Charles O. Blaisdell, Edwin M. Slote and Herman Chaityn for claimant.

Louis J. Lefkowitz, Attorney-General ( Robert G. Farrell of counsel), for defendant.


Claimant in this action for damages for false arrest and imprisonment was a resident of Brooklyn at the time the events complained of in this action occurred. He had been licensed in 1949 by the State of New York as an automobile dealer. He also had been licensed by the City of New York in the same year as a second-hand dealer in automobiles. Claimant stated that he had also been engaged in the sale of new and used cars in New Hampshire for a major automobile manufacturer, and that he bought new cars from other dealers and sold and delivered between 252 and 258 cars.

He testified that a strike in a car parts plant in April of 1949 prevented him from making deliveries of the cars he had sold, and that he had turned over to two Brooklyn car dealers the deposits he had accepted from his customers. Claimant stated that complaints were made to the Kings County District Attorney, and that on May 17, 1949 two detectives visited his home during his absence and asked for and received from his wife all his business sales records. No search warrant was shown to her and no receipt was given to her for the material taken.

Mr. Corcoran consulted his attorney and arranged to appear personally with him in the District Attorney's office.
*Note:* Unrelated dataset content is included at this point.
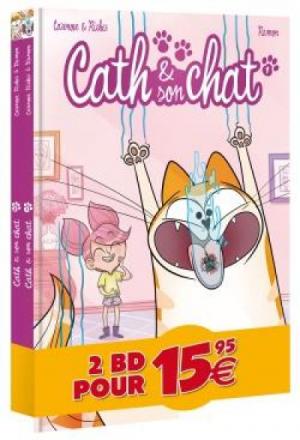 Cath et son chat édition Pack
He was arrested there, taken by detectives to Manhattan Police Headquarters to be photographed and fingerprinted, and then taken to the District Attorney's office in Brooklyn where he was questioned and then remanded to Raymond Street Jail. The next day, May 19, 1949, claimant appeared before a Magistrate and pleaded not guilty. Bail was set at $250,000. Mr. Corcoran was unable to supply such bail, and he remained in Raymond Street Jail for two months. In the intervening period he appeared before a Supreme Court Justice on a writ of habeas corpus, and bail was reduced to $80,000. He was also unable to supply bail in that sum.

Claimant stated that he asked to appear before the Grand Jury but was refused permission to do so by the Assistant District Attorney in charge. He remained in Raymond Street Jail until October, 1949. Meanwhile two indictments for grand larceny, first and second degree, were handed down by the Grand Jury, and Mr. Corcoran was advised by his then attorney to plead guilty to three counts of one indictment in order to avoid a trial and the probability that the adverse newspaper and television publicity, which already had appeared, would result in an excessively severe verdict. He pleaded guilty as advised, and was sentenced to three concurrent terms of 5 to 10 years. He was warned, he testified, that if he went to trial he might get a "500 year sentence and never see his family again".

On October 20, 1949 he was received at Sing Sing Prison where he remained confined until his transfer to Wallkill Prison on March 21, 1950. He remained at the latter institution until December 22, 1952, on which date he was paroled.

Mr. Corcoran testified that he remained on parole until May of 1957. During that time he experienced some difficulty in obtaining employment and keeping a job due to his record, and also because the terms of his parole prevented him from traveling as certain available jobs required. The claimant testified that, while on parole, he requested the Federal Internal Revenue Service to obtain all his books and records held by the Kings County District Attorney's office and to examine them. He stated that he was advised by the Federal Service after its examination that all the funds he had collected and which were the subject of the complaints were fully accounted for by him, and that he had not retained any of these moneys for his personal use or benefit.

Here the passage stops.